As explained on the website of the German Ministry of Finance, a Franco-German council of economic experts has prepared a recommendation that promotes a central uniform pricing of CO2 in the EU, leading to a single tax rate for goods leaving or entering the EU’s borders. The recommendation was made by German and French finance experts, hence it is safe to assume that the criteria employed were mostly economic, rather than environmental. Moreover, even though the principle of a flat carbon tax rate for all EU countries is already a working idea, the mechanism of the distribution of the revenue collected from importers crossing the bloc’s borders has not been revealed yet.
A uniform carbon tax would clearly benefit countries that produce higher levels or air pollution rather than those that have achieved a reduction of their emissions. As Remix News reported earlier, the disparity has been highlighted by the Hungarian delegation led by Prime Minister Viktor Orbán. He stressed that Hungary would oppose such an approach because the price of climate protection should be borne by those who produce the most carbon emissions, that is, by large companies.
Hungarian Justice Minister Judit Varga had also defended the principle of “technology neutrality”, that would give countries the freedom to choose their own means of carbon reduction, including nuclear power. She had emphasized that their opposition to the uniform carbon tax is not an effort to undermine the EU-wide effort of achieving carbon neutrality by 2050, as this goal is already enshrined in Hungarian legislation. However, according to the minister, “we cannot let the people pay the price of the climate fight instead of the large polluters”.
Opponents of the plan have also stressed that a uniform carbon flat-rate would put an enormous financial burden on families and individual citizens, as the inclusion of household emissions in the carbon trade systems could annually cost as much as €900 for an average family in extra bills. Doing away with nuclear energy, as Germany is currently planning, would further complicate matters, as nuclear has an important role to play in achieving EU climate targets.
According to a recent study, the largest air polluters in Europe are coal power plants in Ukraine, the Western Balkans, Poland, and Germany. The pollutants can travel thousands of kilometers from the source of origin and are thought to be the cause of a high number of premature deaths. Air pollution had caused about 417,000 premature deaths in 41 European countries in 2018. The study highlights Poland’s Belchatow plant as well as four German plants as the EU’s top polluters.

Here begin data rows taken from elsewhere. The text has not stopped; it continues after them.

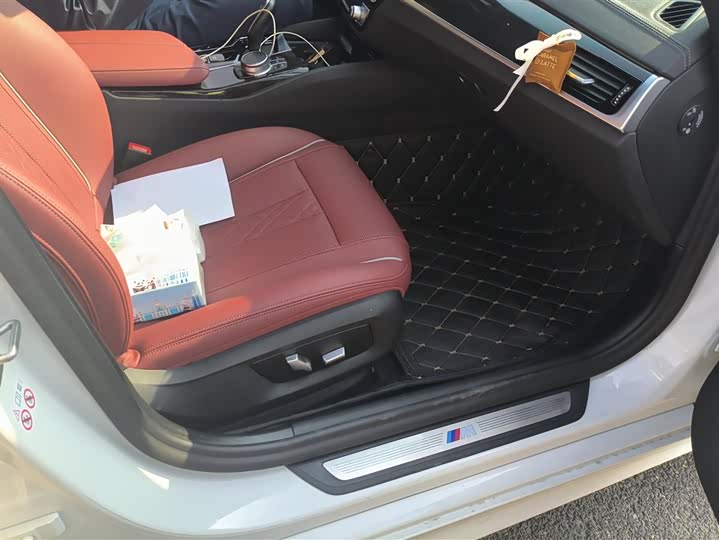 Фото 8 - BMW 5 Series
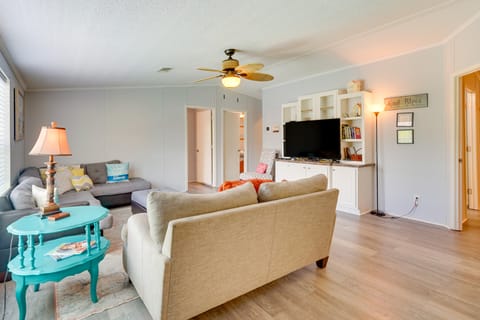 2 Blocks to Beach! Family-Friendly Home in PCB House in Laguna Beach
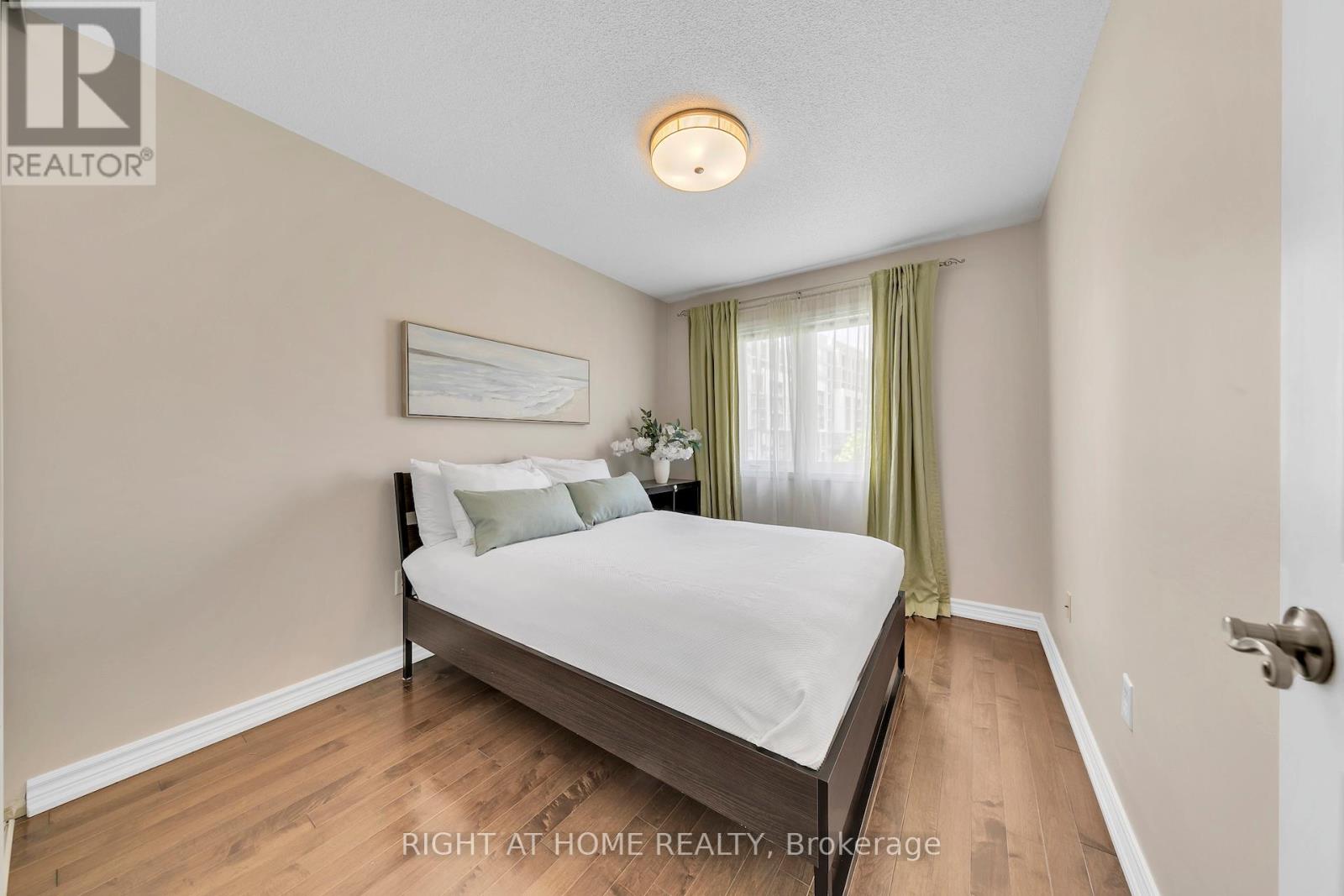740 Village Green Boulevard, Mississauga, Ontario  L5E 3K8 - Photo 21 - W13157206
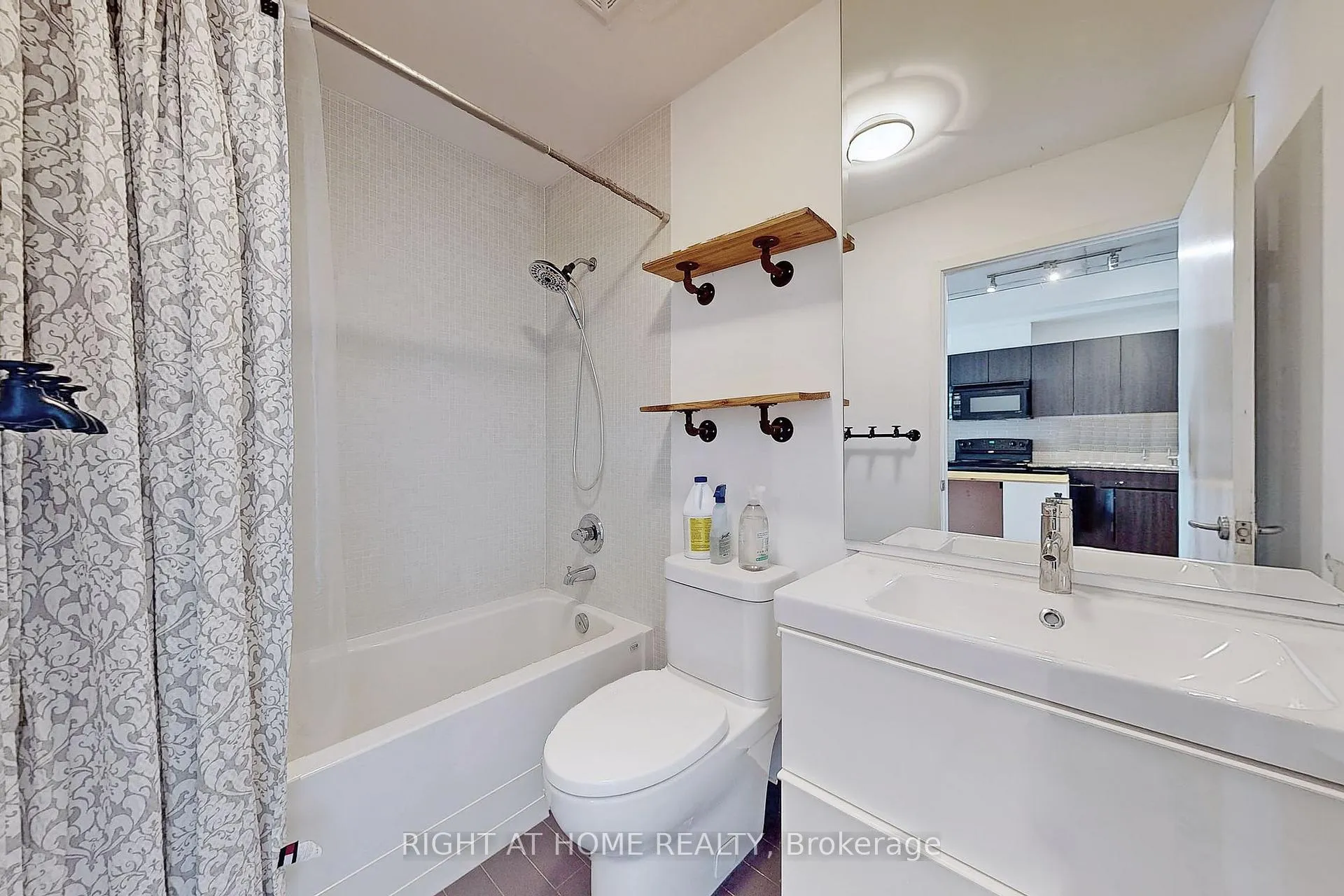 Photo 15 of Unit 312, 38 Niagara Street, Toronto, Waterfront Communities — HOMEH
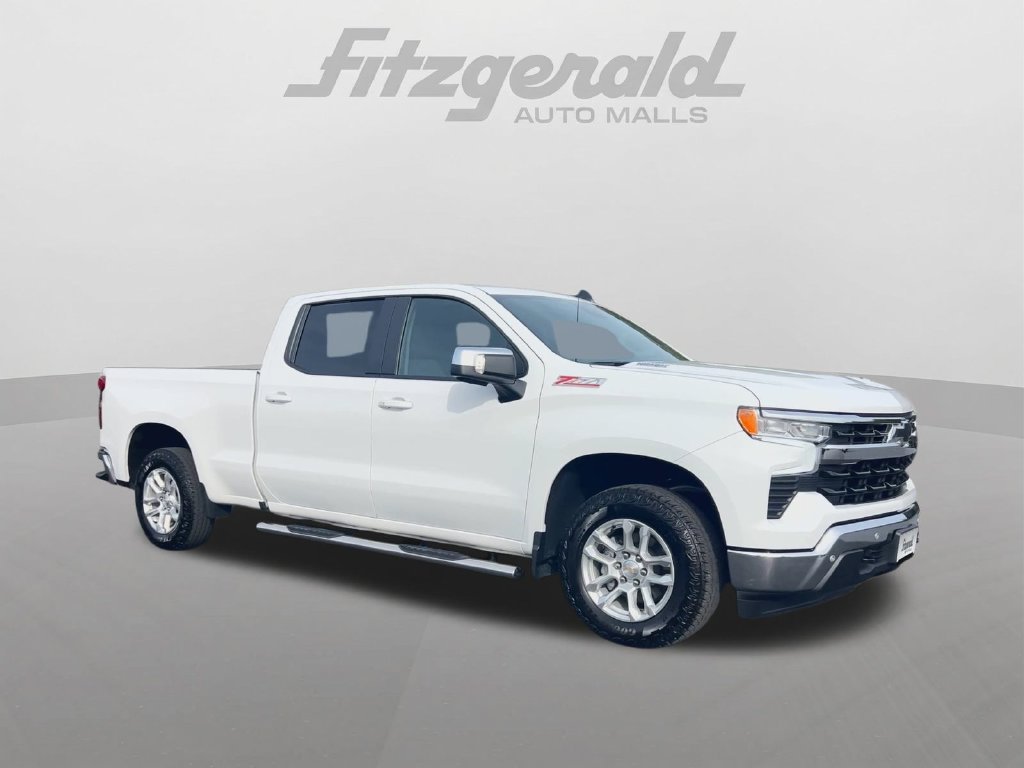 Used 2026 Chevrolet Silverado 1500 LT AWD/4WD image 2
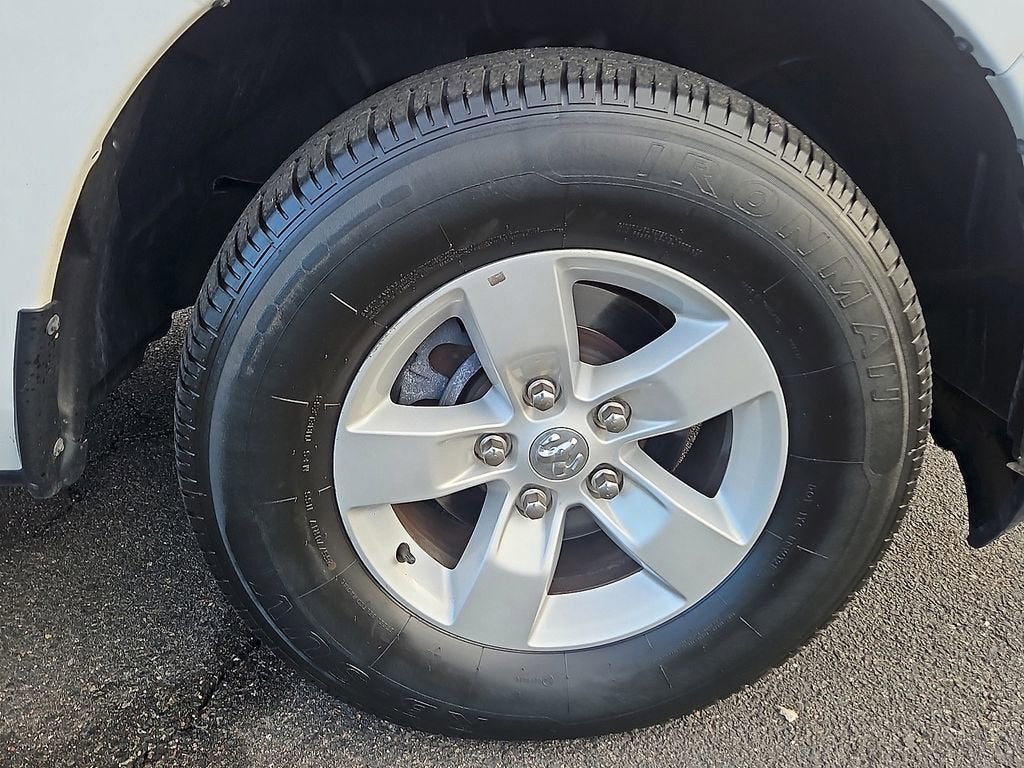 2022 RAM 1500 Classic SLT Crew Cab 4x2 5'7" Box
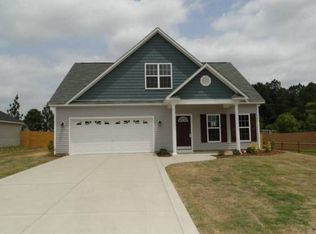 534 Gapway Ct, Hope Mills, NC 28348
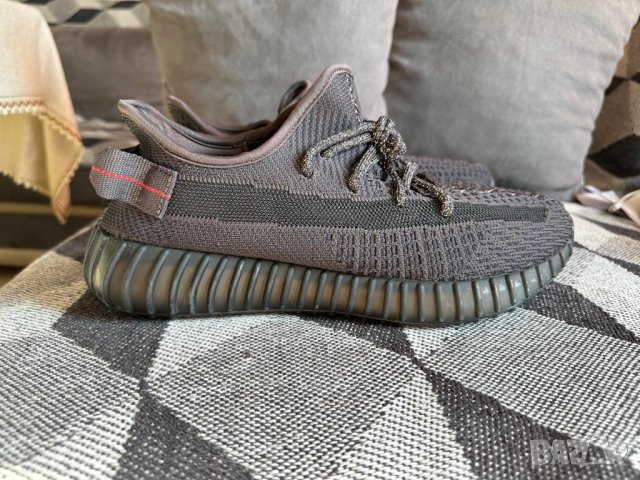 adidas Yeezy Boost 350 V2 Low Black Non-Reflective, снимка 1 - Маратонки - 44422610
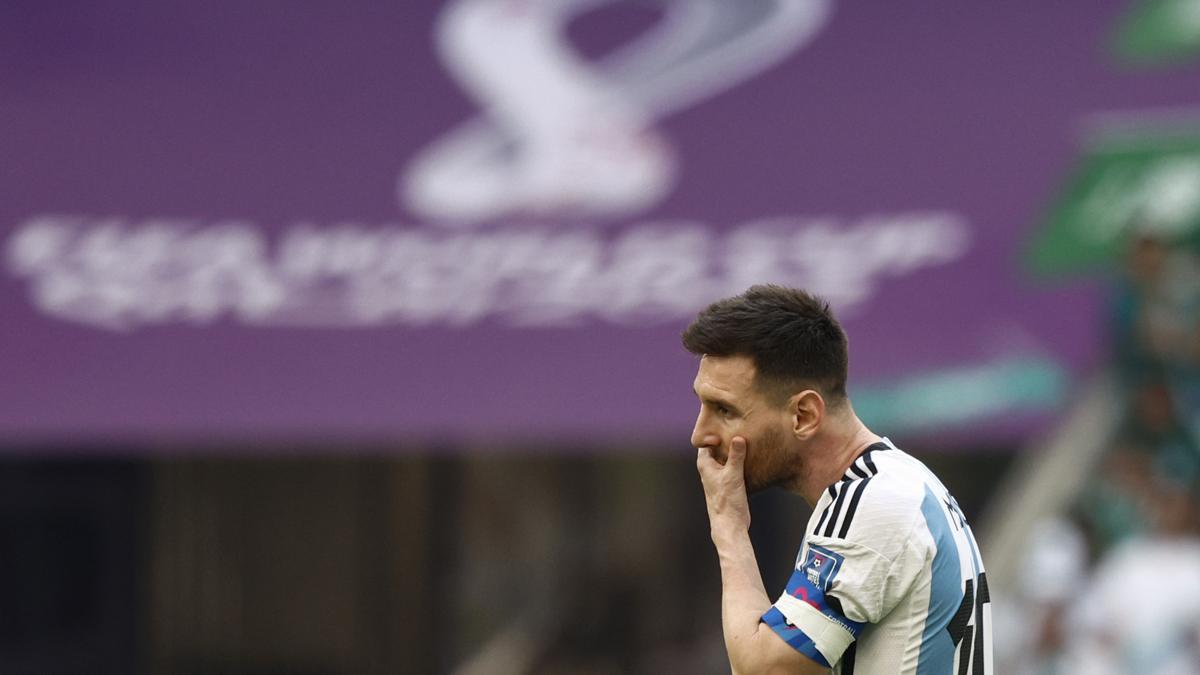 Messi sabe que deben vencer a México o Argentina estaría casi eliminada. | Foto: EFE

It is no surprise that one of the most vocal advocates of a uniform carbon EU carbon tax seems to be the German government of Angela Merkel, as is clear from the promotion of the idea on the Finance Ministry’s website quoted above. Germany’s energy policy is driven by radical ideological targets shaped by the internal dynamics of the political landscape, in which the governing parties are in a direct electoral competition with the rising Greens. The rushed closure of nuclear and coal power plants, coupled with ambitious targets for the introduction of electric vehicles is bringing Germany ever closer to a long-term energy crisis, the solution to which will drain the resources of even such an economic and industrial giant.
It comes as no surprise then that smaller and less well-off nations are protesting the idea that developed countries currently producing higher levels of greenhouse gases should subsidize their politically driven environmental goals from a common EU purse. For instance, figures show that Hungarian annual greenhouse gas emissions per capita are 6.6 tons, while a German citizen produces 11.2 tons. It is thus not the usual East-West, or liberal-conservative dispute that is at play here, but an effort of less industrialized countries wanting to protect their citizens from a cynical economic exploitation by high polluting industrial giants with a lot of political clout.